How To Machine Composites, Part 5 -- Waterjet Cutting
For trimming composite parts, this shop describes where it uses machining centers and where it uses waterjet.
Editors note: This is part five of a five-part series. You can find the links to the entire series below.
Part 1: Understanding Composites
Part 2: The Cutting Tool, Workholding and Machine Tool
Part 3: Milling Composites
Part 4: Drilling Composites
Part 5: Waterjet Cutting
Hydrojet of Reading, Pennsylvania, has two abrasive waterjet machines from Flow International Corporation. Jack Seibert, one of the company’s engineers, says the small shop has found a niche for itself by efficiently machining composite parts that other, larger aerospace contractors have difficulty machining in a cost-effective way. Many of these parts are trimmed through abrasive waterjet. However, not all of the parts that the shop sees lend themselves to waterjet cutting. The shop eventually added milling machines as well, and it now has three machining centers from Haas Automation in addition to a large CNC router with 160 inches of X-axis travel.

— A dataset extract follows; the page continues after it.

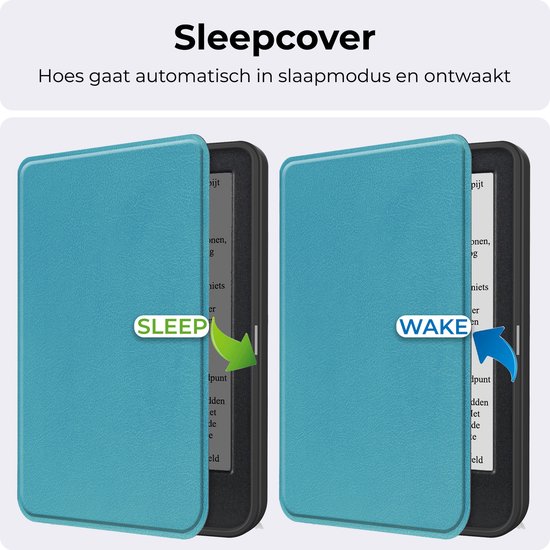 Hoes Geschikt voor Kobo Clara BW - Met Screenprotector - Luxe E-reader Bescherm Case - Hoesje Book Cover - Turquoise van Merkloos — afbeelding 3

Mr. Seibert says the part geometry determines whether to use waterjet or conventional machining. Waterjet is preferred, in no small part because no special tooling is needed to hold the workpiece if a waterjet machine does the cutting. However, a more extremely contoured part presents a problem for waterjet because the jet shooting out of the intended cut might perform an unintended cut on some other surface of the part. If a part is so contoured that it doubles back to nearly parallel itself, then the machining work probably has to be done on a machining center.
Other factors can influence the decision, too. Precision is one such factor. The machining center is more precise, Mr. Seibert says, so tight-tolerance work tends to go there. Another consideration is the material. The waterjet machine can cut a wider range of materials efficiently. Kevlar is an example of a composite material difficult enough to mill that the shop generally tries any way it can to run a Kevlar part through waterjet.
Machining centers running composites demand the extra expense of vacuum fixtures, and Hydrojet produces this tooling itself. In fact, one of the Haas machines is devoted primarily to tooling. In addition to fixture tooling for machining, the shop also uses this machine to make layup tooling for its customers to use in making composite parts.
Company owner Michael Rado says this suggests where Hydrojet’s next investment should be. He says the shop will add staff specifically to perform composites layup for its customers, and the shop will also buy an autoclave for curing composite parts. These additions will allow the shop to provide full-service composites production from before layup through to machining and beyond.
After all, Mr. Rado notes that the shop already provides the tooling that makes lay-up possible and the machining services that complete the parts. He jokes, “We already do all the hard stuff.”